In an era when whales and snails get better press, two groups dedicated to capitalism are using the impending celebration of Earth Day to point out the importance of the earth’s resources to human beings. Promoting the “moral case for exploiting the Artic National Wildlife Refuge (ANWR),” the Center for the Moral Defense of Capitalism (CMDC) and the Ayn Rand Institute (ARI) are scheduling a news conference Friday in Washington in advance of their own Earth Day celebration at the Washington Monument April 22.”The goal of the environmentalists is to save the earth from man, while the goal of the industrialists is to exploit the earth for man,” the two said in announcing the briefing at 9 a.m. Friday at the National Press Club. “Oil is the very lifeblood of modern civilization. As oil is drained from the arteries of American commerce by environmentalists, we lose the energy to sustain human life: to heat our homes, to harvest our fields, to transport food, or to light the laboratories that help save the lives of countless millions,” said Nick Provenzo, chairman of the CMDC. “Restricting the production of oil for the sake of keeping a vast wilderness frozen is an immoral attack on human life.” ARI, based in Moreno del Rey, CA (www.aynrand.org), takes its name from the author of the classic defenses of capitalism, “Atlas Shrugged” and “The Fountainhead.”
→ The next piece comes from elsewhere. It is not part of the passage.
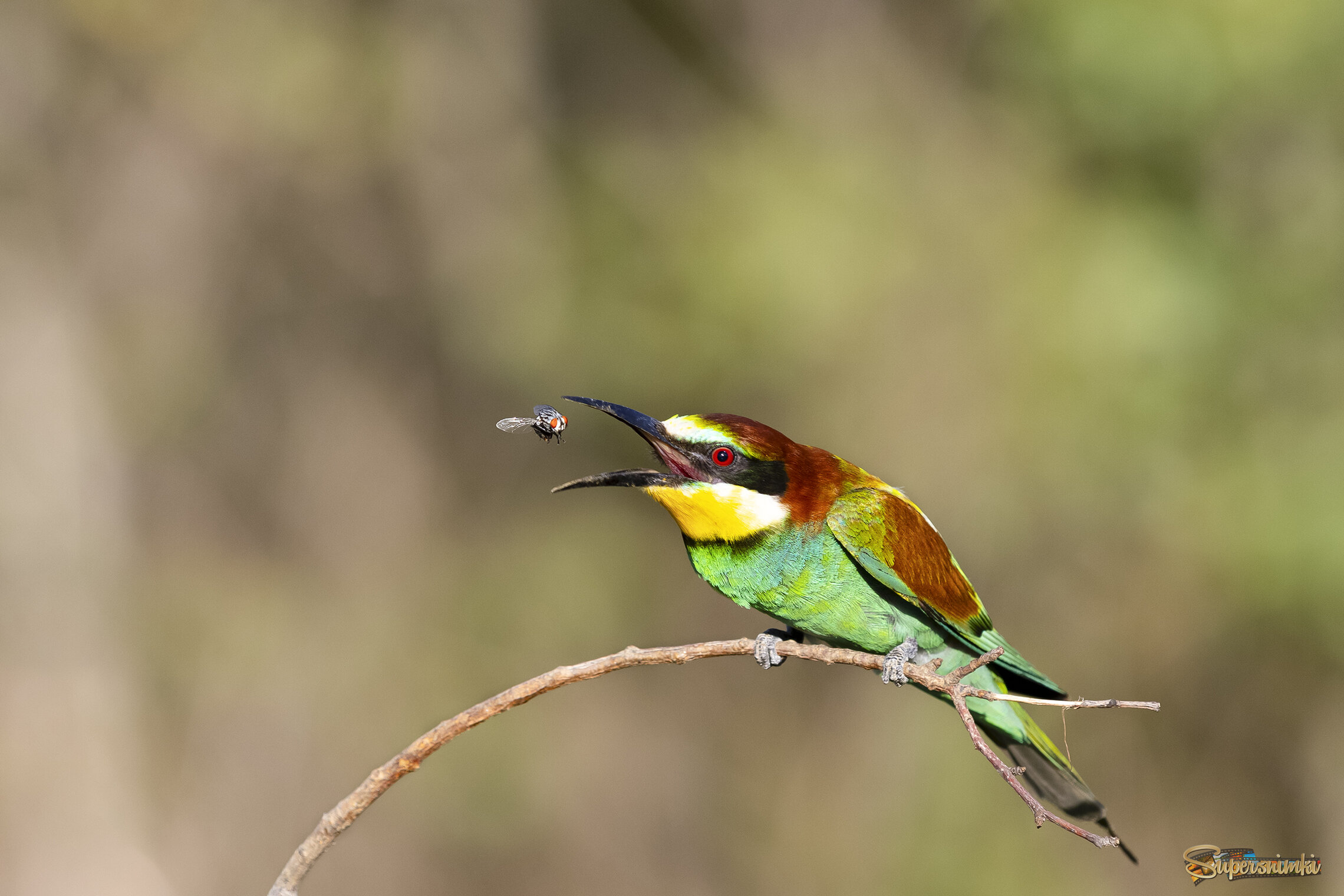 Щурка золотистая с добычей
Provident Bank and its subsidiary, Information Leasing Corp. (ILC) has announced the establishment of PFG Energy Capital,, a specialized energy financing group. This new business unit will provide creative and unique financing solutions to energy management/efficiency equipment and systems vendors along with vendors of distributed generation equipment. William J. Garnett and Henry K. Lee, joining PEG Energy Capital from the federal and commercial leasing division of Academic Capital Group, Inc. will lead ILC’s new venture as senior vice president and vice president, respectively. PEG Energy Capital will be based in Pasadena, CA. It offers financial solutions for all types of projects designed to reduce energy operating costs and achieve environmental goals without large, up-front capital costs. “The current energy crisis in the western United States has heightened the country’s awareness that energy conservation and efficiency are of the utmost importance. By providing creative financing solutions to our clients, we can help reduce the demand for energy consumption,” Garnett said.
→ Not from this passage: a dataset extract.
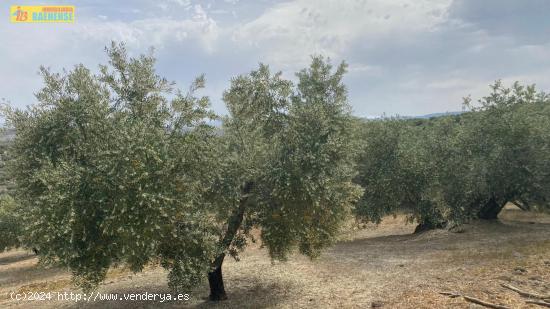 Finca de olivar en buena ubicación - CORDOBA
Sempra Energy reported Monday that it has signed a five-year information technology (IT) outsourcing agreement with Computer Sciences Corp. (CSC) valued at more than $70 million. According to the companies, This contract, which extends to June 2006, replaces and significantly expands the current contract through which CSC provides service to Sempra Energy’s corporate headquarters and its San Diego Gas & Electric Co. (SDG&E) subsidiary, scheduled to expire in June 2001. Under the new agreement, CSC will manage the distributed computing infrastructure for additional units of Sempra Energy, including the Southern California Gas Company (SoCalGas). Altogether, CSC’s support of Sempra’s distributed IT operation encompasses approximately 10,000 desktops, 350 servers and enterprisewide help-desk support.